Required action: Restate word for word the lines below from the one that has "Body vert kaki Stradivarius" through the one that has "Trece horas de", keeping both and dropping all pictures.

Data for review:
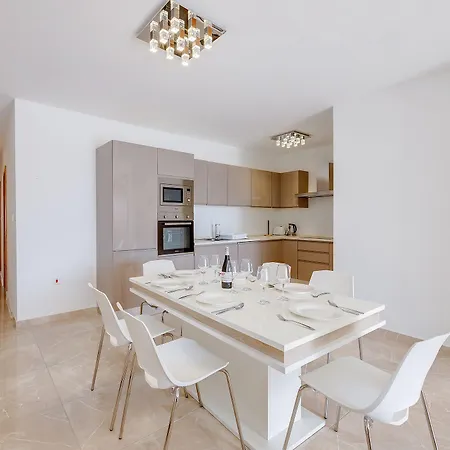 Marvellous 3br Penthouse In St Julian's *
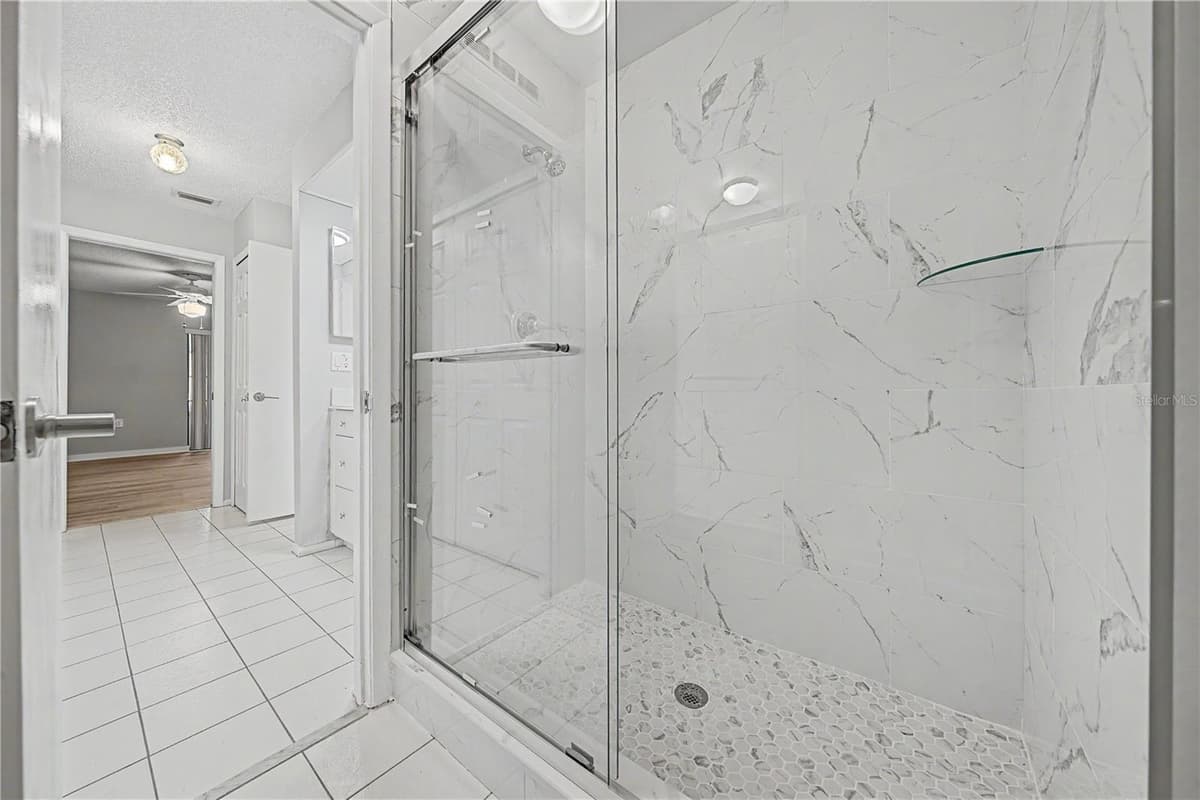 75 POOLE PLACE — photo 18 of 55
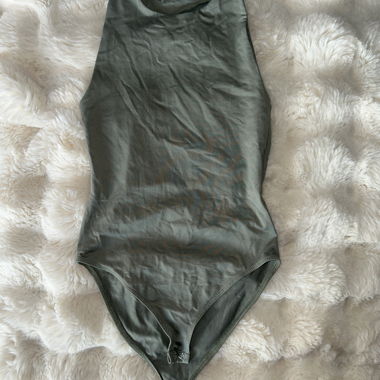 Body vert kaki Stradivarius 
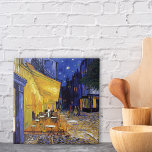 Cafe Terrace Cityscape Vincent van Gogh Tegeltje<br><div class="desc">Decoratieve keramische tegel met het schilderij van de post-impressionistische olie van Vincent van Gogh (1853-1890),  Cafe Terrace bij nacht (1888). Creëer in Arles,  Frankrijk voor een populair koffiehuis op het Rue Du Palais.</div>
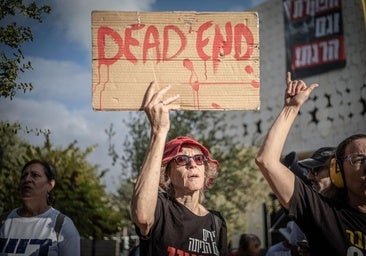Trece horas de lectura en Valladolid de los nombres de los 18.500 niños asesinados en Gaza
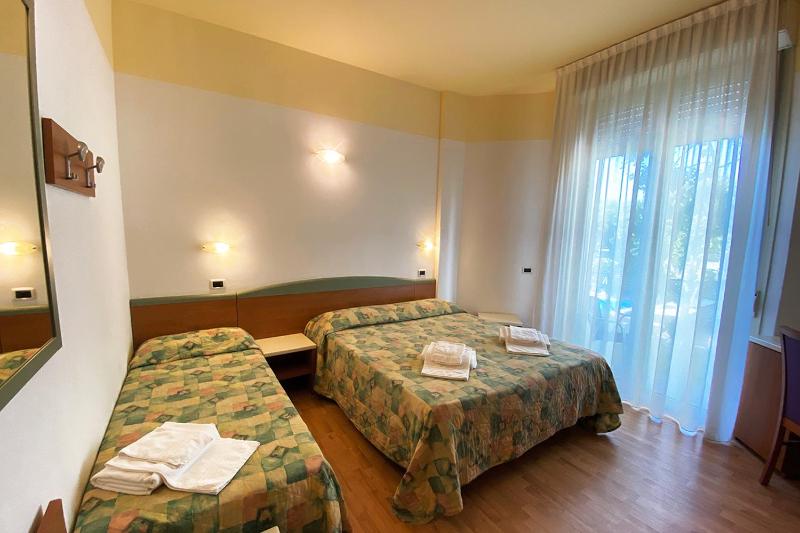 Standard Triple Room image 2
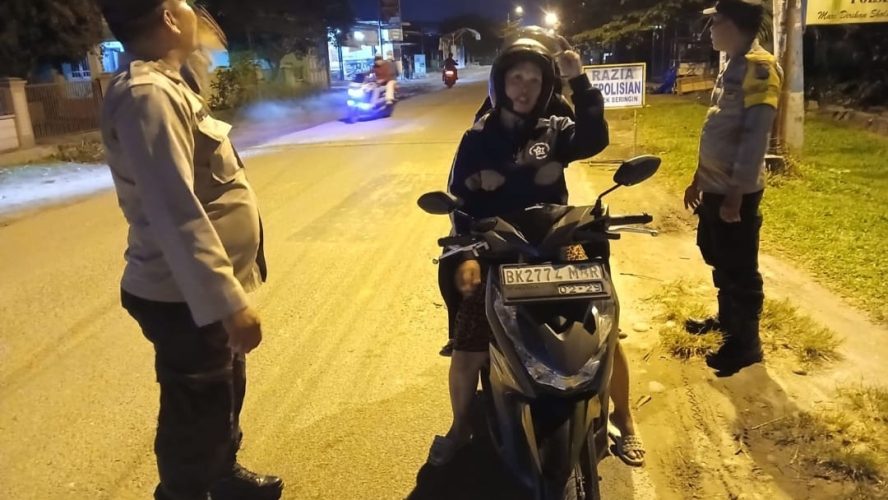 Ciptakan Rasa Aman Dan Nyaman Polresta Deli Serdang Laksanakan Patroli Blue Light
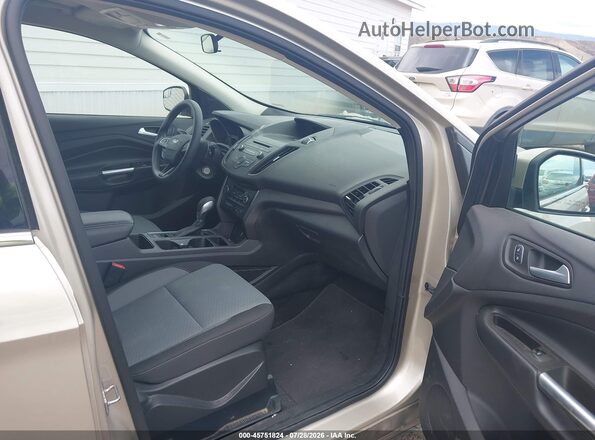 1FMCU9GD1JUD08900 2018 FORD ESCAPE Gold Widok wnętrza z przodu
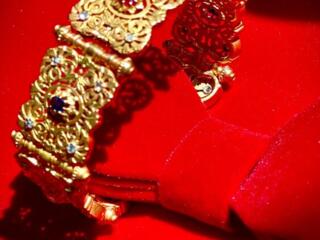 Антикварный золотой браслет 21K (875 проба) с бриллиантами, рубинами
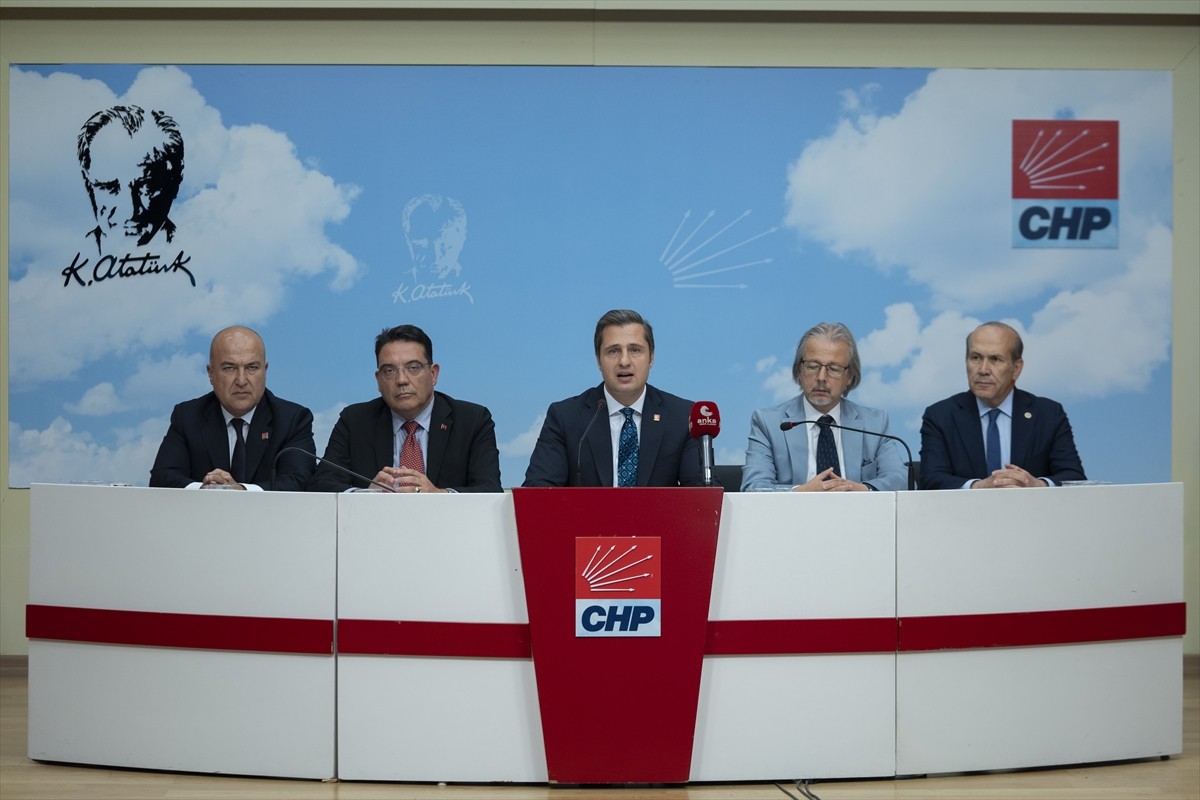 CHP Genel Başkan Yardımcısı ve Parti Sözcüsü Deniz Yücel (ortada), İstanbul Milletvekili Namık...
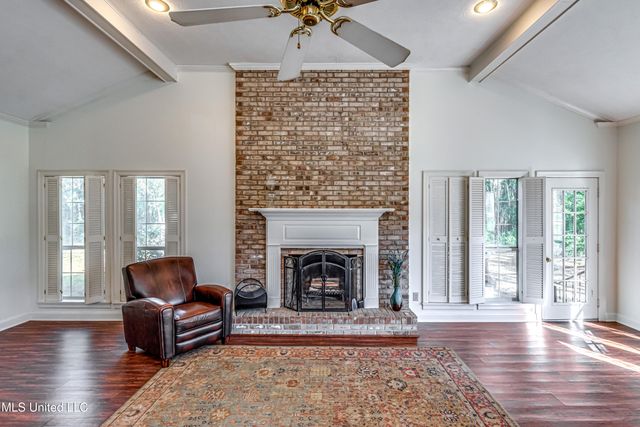 602 Simpson Hwy 149, Magee, MS 39111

Answer for this exercise:
 Body vert kaki Stradivarius 
 Cafe Terrace Cityscape Vincent van Gogh Tegeltje<br><div class="desc">Decoratieve keramische tegel met het schilderij van de post-impressionistische olie van Vincent van Gogh (1853-1890),  Cafe Terrace bij nacht (1888). Creëer in Arles,  Frankrijk voor een populair koffiehuis op het Rue Du Palais.</div>
Trece horas de lectura en Valladolid de los nombres de los 18.500 niños asesinados en Gaza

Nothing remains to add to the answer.